2022’de artık bir yere bağlanmalıydı, kariyeri kirada Avrupa’yı gezmekle geçen Vinicius’a birileri kapısını açıp kalıcı bir yer olmalıydı. Bu adres yine İngiltere’den geldi, Fulham sambacıyı bonservisiyle kadrosuna kattı. Fulham formasıyla ilk sezonda beş gol attı, mevcut sezonun da ilk yarısında üç gol kaydetti. PSV sonrası düşen kariyerini Fulham da toplayamadı, böyle olunca kiralık gezme dönemi yeniden başladı, Bu sefer rota İstanbul’du, Galatasaray Vinicius’a kapılarını açan yeni takım oldu. Sambacı’da Türkiye’yi gezi rotasına ekleyip 10 yıllık kariyerindeki yedinci ülke olarak bir köşeye not etti.
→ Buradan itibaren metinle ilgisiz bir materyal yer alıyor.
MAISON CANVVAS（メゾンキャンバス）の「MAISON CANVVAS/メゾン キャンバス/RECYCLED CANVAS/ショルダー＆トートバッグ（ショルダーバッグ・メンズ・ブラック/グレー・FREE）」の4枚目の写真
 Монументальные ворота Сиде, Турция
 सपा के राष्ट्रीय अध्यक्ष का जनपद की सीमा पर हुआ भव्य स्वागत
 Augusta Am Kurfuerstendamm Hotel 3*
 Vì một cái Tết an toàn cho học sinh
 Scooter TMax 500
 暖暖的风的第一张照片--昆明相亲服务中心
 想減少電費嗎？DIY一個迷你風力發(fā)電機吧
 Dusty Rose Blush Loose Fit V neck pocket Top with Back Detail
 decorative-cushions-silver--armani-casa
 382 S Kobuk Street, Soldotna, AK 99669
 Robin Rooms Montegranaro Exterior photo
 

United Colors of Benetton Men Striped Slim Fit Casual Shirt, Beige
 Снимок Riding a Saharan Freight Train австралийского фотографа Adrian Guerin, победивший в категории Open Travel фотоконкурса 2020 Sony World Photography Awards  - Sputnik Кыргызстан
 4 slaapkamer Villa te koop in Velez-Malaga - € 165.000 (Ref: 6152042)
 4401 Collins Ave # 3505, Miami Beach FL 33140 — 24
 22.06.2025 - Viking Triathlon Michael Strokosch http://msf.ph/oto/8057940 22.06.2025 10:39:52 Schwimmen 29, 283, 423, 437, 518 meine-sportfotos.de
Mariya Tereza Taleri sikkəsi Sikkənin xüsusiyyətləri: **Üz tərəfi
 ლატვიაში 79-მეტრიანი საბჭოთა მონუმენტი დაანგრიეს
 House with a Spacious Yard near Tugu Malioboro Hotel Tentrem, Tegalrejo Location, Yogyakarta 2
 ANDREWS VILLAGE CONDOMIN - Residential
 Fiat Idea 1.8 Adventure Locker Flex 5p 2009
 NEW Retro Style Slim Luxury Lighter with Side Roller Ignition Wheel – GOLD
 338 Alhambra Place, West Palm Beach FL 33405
Parçalı formayla ilk maçına Türkiye Kupası’nda Bandırmaspor’a karşı sahne alan Vinicius Cim-bom’a golle merhaba dedi. Pivot santrfor özellikleriyle öne çıkıp sırtı dönük oynama becerisini sahaya yansıtan Brezilyalı için Türkiye ve Galatasaray yolculukta durup iki çay içilen bir dinlenme tesisi mi, yoksa uzun süre kalınıp ev gibi görülen bir nokta mı olacak, bunu zaman gösterecek.